スポーツをするにはメガネじゃなくて、コンタクトレンズのほうがいいに決まっているのはわかりきってる。視界も広いし、サッカーのヘディングもしやすいし、うどんを食べても目の前が曇ることもないし、レーシック手術はなんだか怖い。それでもメガネを使うのは、コンタクトを目に入れるのが下手すぎるから。ずいぶん前にフットサルに行くために、コンタクトをいれはじめたのだけれども、なんどやってもうまくいかない。そのうち、洗面台に落ちて流れていって、また新しいのを出してとやっているうちに、諦めたのです。俺は一生メガネで行くのだ。と。

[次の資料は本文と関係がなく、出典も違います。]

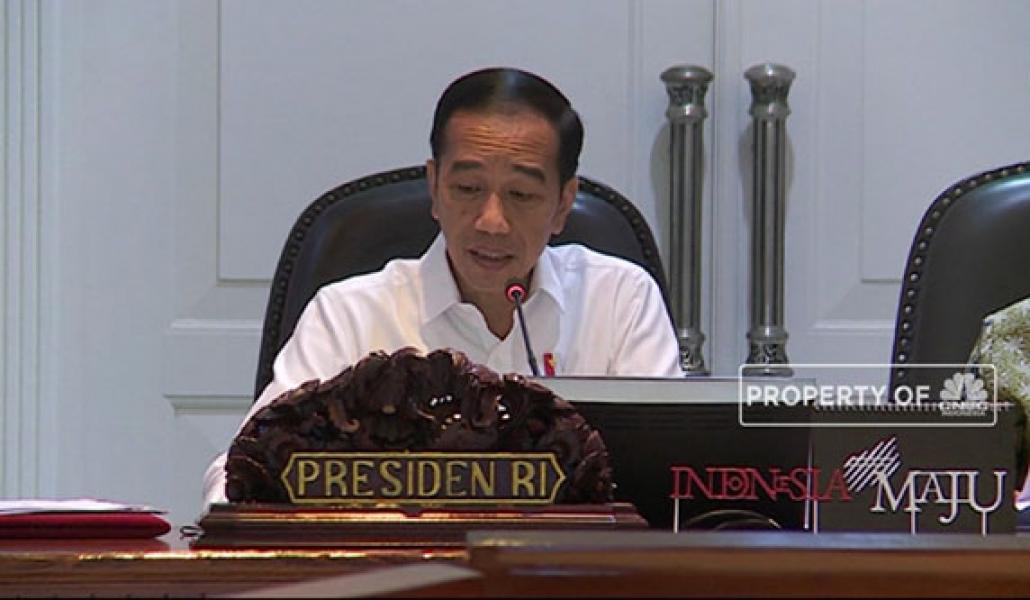 Jokowi: Kita Nggak Gaji Pengangguran, Itu Keliru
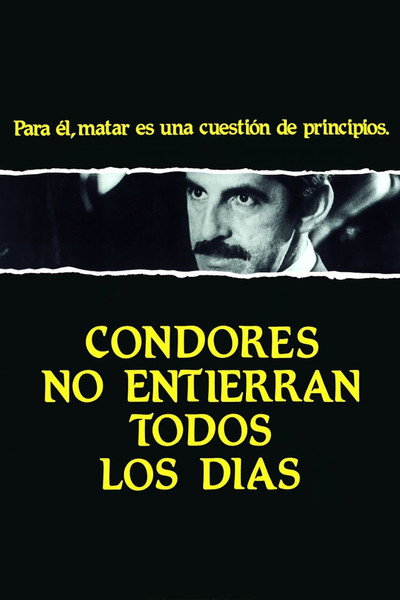 Póster de A Man of Principle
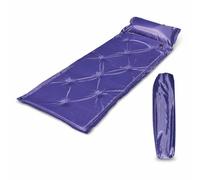 SiaBiced Self-Inflating Sleeping Pad for Camping, Valve, Camp Ground Mat, Overnight Expeditions, For Festival Goers, style to 2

そういう人だから、スポーツサングラスでもなく、あえてメガネで走っているランナーには自然と共感を覚えてしまいます。三菱重工の的野選手、ヤクルトの小椋選手、名城大の谷本選手とか。最近では昨年末の都大路では3区を走る八千代松陰の工藤慎作選手が気になっています。

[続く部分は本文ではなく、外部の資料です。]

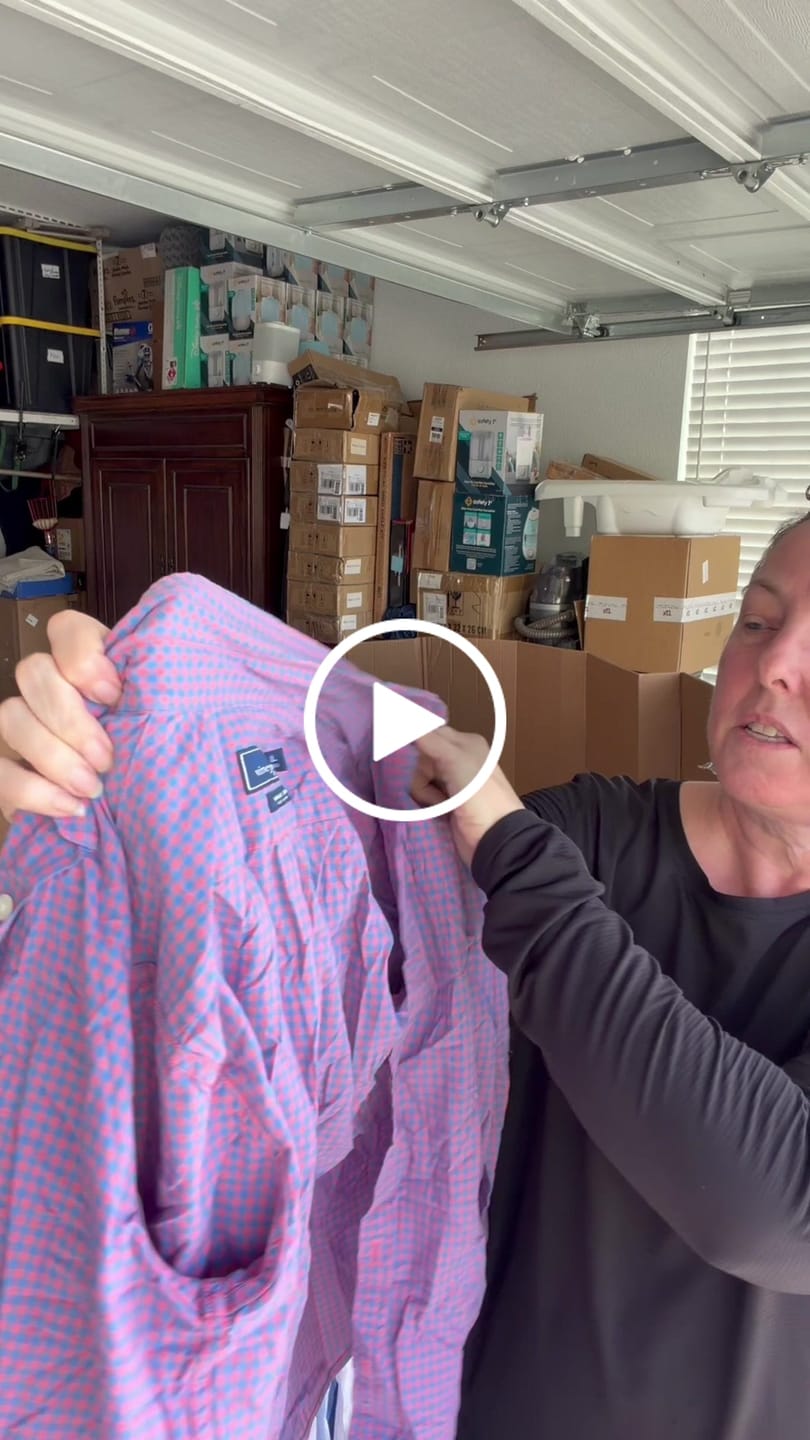 Customer video review of RAW THRIFT BAGS - PHILADELPHIA
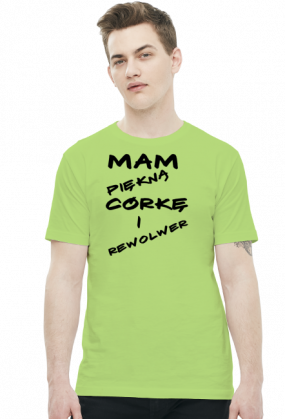 Mam Córkę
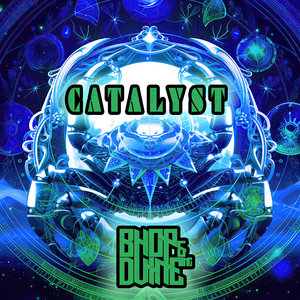 CatalystBHOP & Dvine MC cover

2023年男子都道府県対抗駅伝。広島をスタートして宮島を折り返す駅伝大会には中学生からシニアまで各世代の選抜選手が出場するいわばオールスター駅伝。先日、スポーツジャーナリスト生島淳さんから教わったのだけど、4年前の1、4、5区のオーダー、高校生区間と今年の3区7区のオーダーを見比べると面白いですよ。と。4年後のシニア区間のオーダーをみると4年前は高校生だった彼らがどういう成長をとげたのか?ストーリーが一気に脳裏に蘇ってくるのです。(ぜひ、今年のオーダーと4年前のオーダーを見比べてみてください)

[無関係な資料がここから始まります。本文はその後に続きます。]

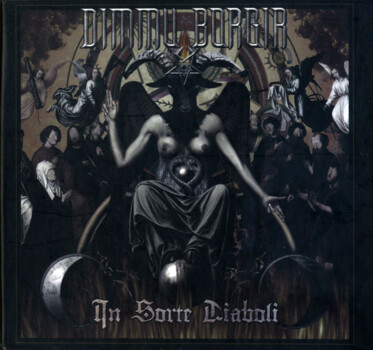 Dimmu Borgir "In Sorte Diaboli"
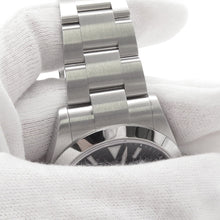将图像加载到图库查看器中，ROLEX Explorer 40 W40mm Stainless Steel Black Dial224270
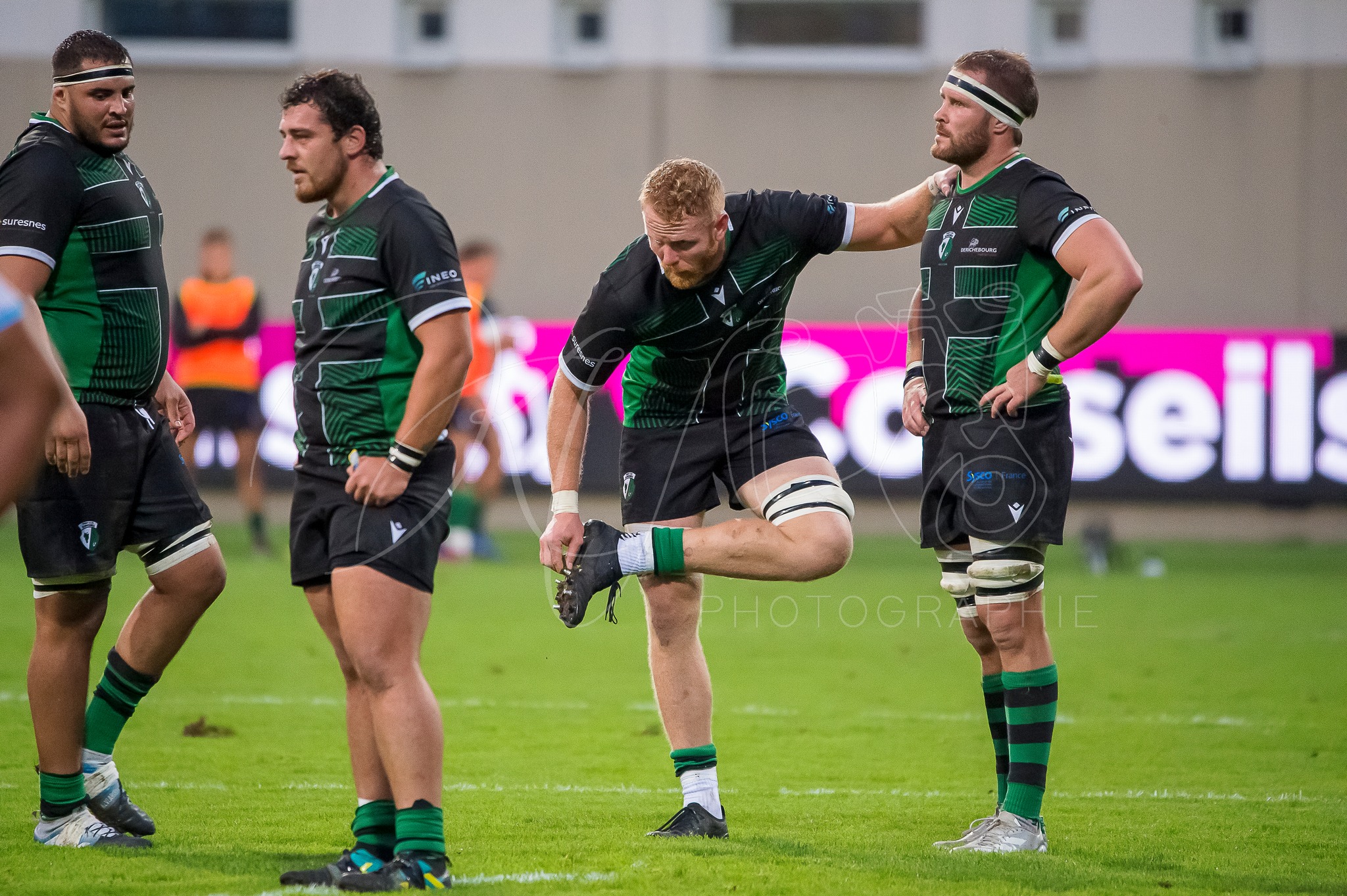  CS Bourgoin-Jallieu - RC Suresnes - Rugby - CSBJRC vs Suresnes - 2022 (#csbjrcsuresnes2022) Photo by: Karine Valentin | Siuxy Sports 2022-10-08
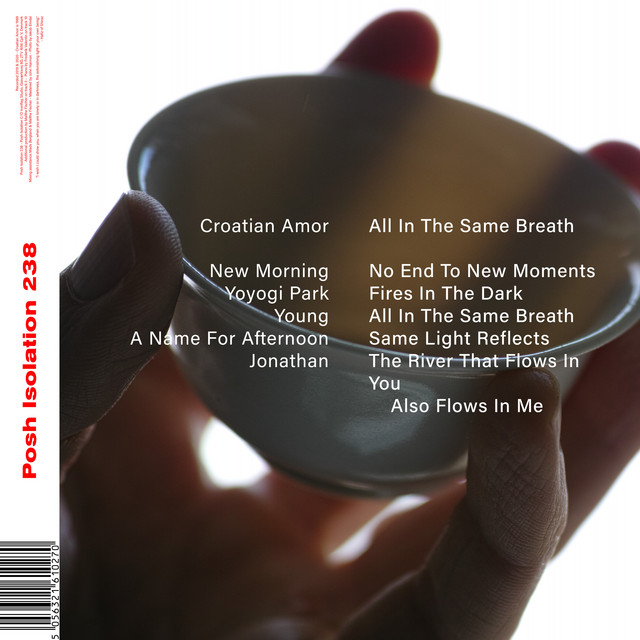All In The Same Breath album cover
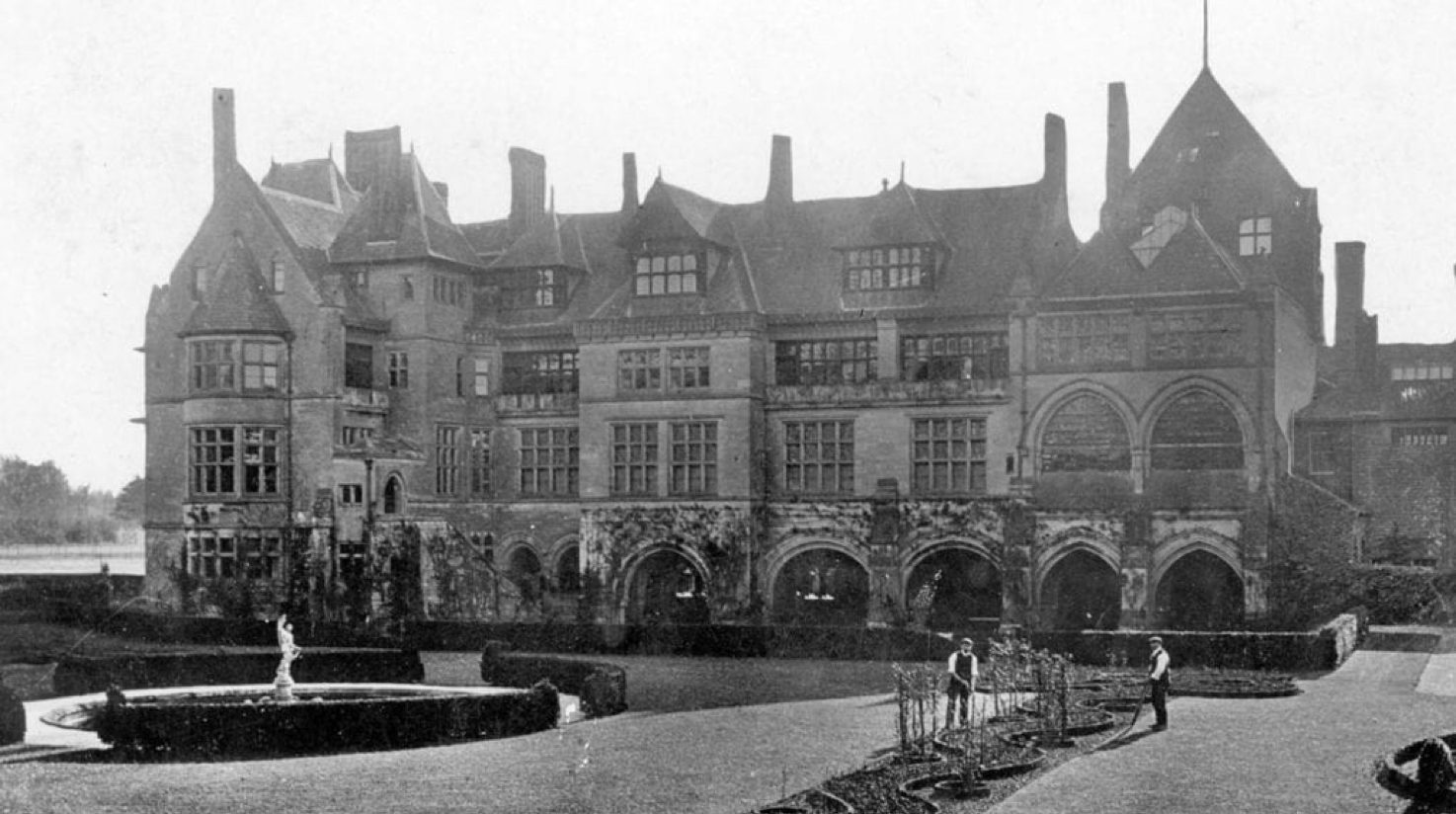 Coombe Abbey history feature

なかでも注目は高校生のスターが勢揃いする1区。駅伝強豪校のエースがしのぎをけずる都大路とはちがい、都道府県の1区は必ずしも駅伝強豪校のエースが選ばれるわけではない。地域イチオシの最速・最強ランナーがアサインされます。都道府県駅伝には箱根駅伝に出る主だった大学の監督はすべて現地入り。オールスターが集まる都道府県駅伝1区でいい走りをすれば、注目も集まるし、進路もひらける。

山の神になる前の柏原竜二さんの都道府県駅伝1区はとてつもないインパクトがあった。大会的にはノーマークの柏原さんが一人で大逃げ。見事区間賞。全国デビューを果たすというもの。柏原竜二は山の神になる前から、すでに有名であったのです。このときの話が好きで、彼と食事をするたびに「おねだり」して話をきかせてもらいます。一人の高校生がここで人生をかえてやる。と勝負に挑むまでの感情の動きはいつ聞いてもツーンとくるのです。オレンジ色のアームウォーマーは母校いわき総合高校陸上部のイメージカラー。現地についてから、広島のステップで買ったのだそうです。

というわけで、都道府県駅伝1区というのは、筆者にとって「ネクスト柏原」を探すという密かな楽しみがあります。取材ビブスをもらって、スタートから2km先にある西広島駅前を目指します。レース終盤の叩きあいもいいんですが、柏原さんから「最初の1kmは様子をみて、そこから自分のリズムで飛び出した」という話を聞いて、「ネクスト柏原」な選手なら、ここで集団から出ているはず。そう考えたのです。しかも、西広島駅前の左に折れる大きなカーブはランナーの姿を長くみることができるんです。

とはいえ、今回の都道府県駅伝。先頭に飛び出すはずのランナーはわかっていました。兵庫県代表の長嶋幸宝選手(西脇工業)です。都大路1区もスタート直後からの飛び出しで逃げ切って区間賞。都大路、都道府県ともに区間賞をとる。それこそが世代トップの勲章。そこを狙ってくるのは間違いなかったからです。

このシチュエーションが「ネクスト柏原」の登場を予感させるものがありました。柏原さんが走ったとき、当時のテレビ解説でも八木選手を軸として話はじめていることからも、下馬評では八木優樹選手が間違いなく区間賞。そう思われていました。八木選手は長嶋選手と同じく兵庫県代表、そして西脇工業出身。そんなジャイアント・キリングが今回も起こるのではないか。そんな妄想を勝手にしていたら、長嶋選手よりも先に前に出た選手がいた。メガネをかけた長崎の選手。

位置取りも誰よりも最短距離をとって坂を下ってきた。そこに「逃さないよ」とばかりにかぶせてくる長嶋選手。

カーブすれっすれの角をとる走りから長崎のメガネくんの覚悟が感じとれました。すぐに名前を調べました。五島南高校2年生川原琉人選手。その後、西脇の長嶋選手、佐久長聖の永原選手という全国区の選手たちと競り合い区間3位。彼の活躍を地元長崎新聞は大きく伝えました。